Responding to the women-centred stories within the Permanent Galleries, Mysara Aljaru offers Bintang Layar, Bintang Cipta – a participatory installation blending film and history, spotlighting the achievements and challenges faced by Malay female filmmakers throughout history. As you take a seat at the dressing table belonging to fictional actress and almost-director Mariam Ratu, peek into the drawers for reflections penned by our local theatre practitioners and filmmakers including Shaza Ishak, Siti Khalijah, Fizah Nizam and others.
 
How does your artwork relate to what heritage means to you? 
“The stories of women in our community may not always be rare or unsurprising to uncover, but often they are not given space to be seen or heard properly.
It feels important to carry these forward as part of our everyday understanding of history, as something whole rather than secondary.
And maybe it is less about uncovering something hidden, and more about learning how to see what has always been present, and letting that redefine how we understand our place, our voices, and what we choose to carry with us.”

About Mysara Aljaru
Mysara Aljaru (b.1993, Singapore) is a writer and artist. Previously a journalist and documentary producer, her works have been showcased across spaces in Singapore and Indonesia, where she looks into state-constructed narratives that cut across race, gender and class.

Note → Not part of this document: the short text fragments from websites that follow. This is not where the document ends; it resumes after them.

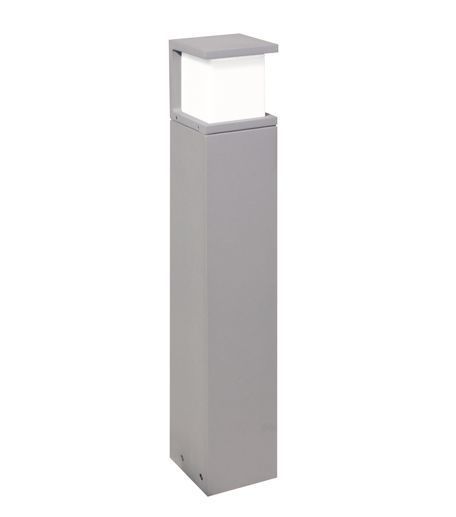 Borne lumineuse à LED Cubo-AP - 10W, 900lm, 3000K, IP54, 150°, titan, nicht dimmbar, L=100mm, B=100mm, H=600mm
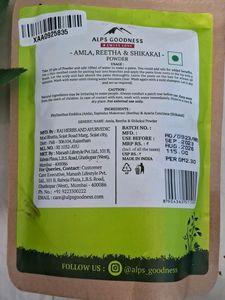 Amla Reetha And Shikakai Powder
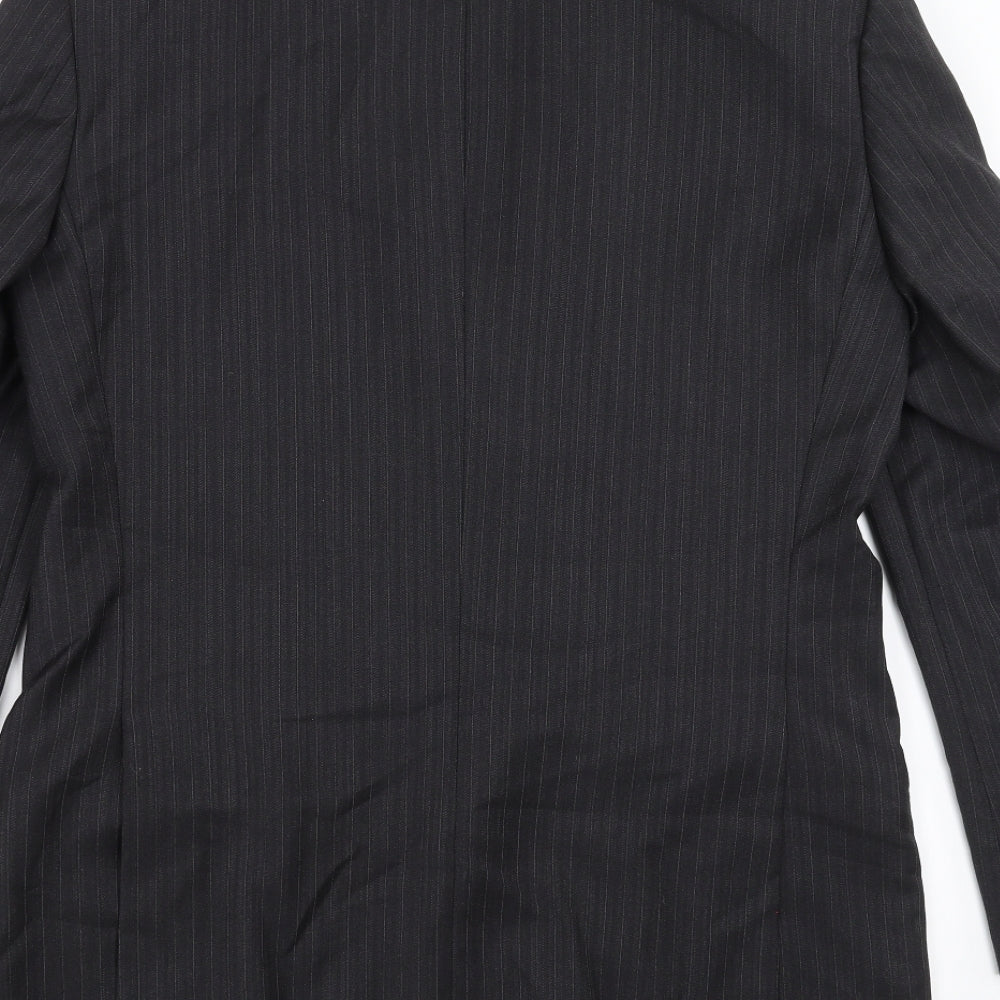 NEXT Mens Grey Striped Jacket Suit Jacket Size 38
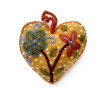 Embroidered Heart Ornament - Assorted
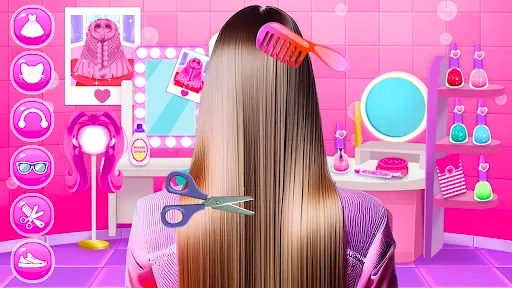 Скриншот 5 — Hair Salon and Dress Up Girl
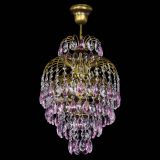 Люстра Лора №3 журавлик Розовая под бронзу в Самаре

She is also the co-editor of Brown Is Redacted, an anthology looking into minority experiences in Singapore.

SIPEMALU (Sistem Penyulitan Masyarakat Lupa) (The Forgotten Society’s Encryption Unit)
2026
Piano, repurposed drums, lampshades, radio, transmitters, and wires
Commissioned by Malay Heritage Centre

Sound carries with it a complexity that is at once felt and remembered – a similar affection we often have towards heritage and identities, which can also be deeply personal. Sonic artist Bani Haykal, invented SIPEMALU (The Forgotten Society’s Encryption Unit) as a way for us to preserve our thoughts and feelings by transforming them into sounds.

How does your artwork relate to what heritage means to you? 
“SIPEMALU is part of a growing set of instruments / technologies I’ve been working on for a short story series where the internet has ceased to exist, leading a team of technologists to experiment with transmitting encrypted audio information via FM / AM / SW. This is done by inputting messages via a piano which is locally encrypted by a computer programme, which later gets broadcasted via radio frequencies. SIPEMALU also features 2 large marching band bass drums which have been upcycled to become speakers (these drums are inspired by another fairly common instrument within the Nusantara, the Bedok / Bedug), 2 makeshift parabolic microphones made out of metal lampshades, cymbal stands and electret condenser microphones and an old National radio with FM / AM capabilities.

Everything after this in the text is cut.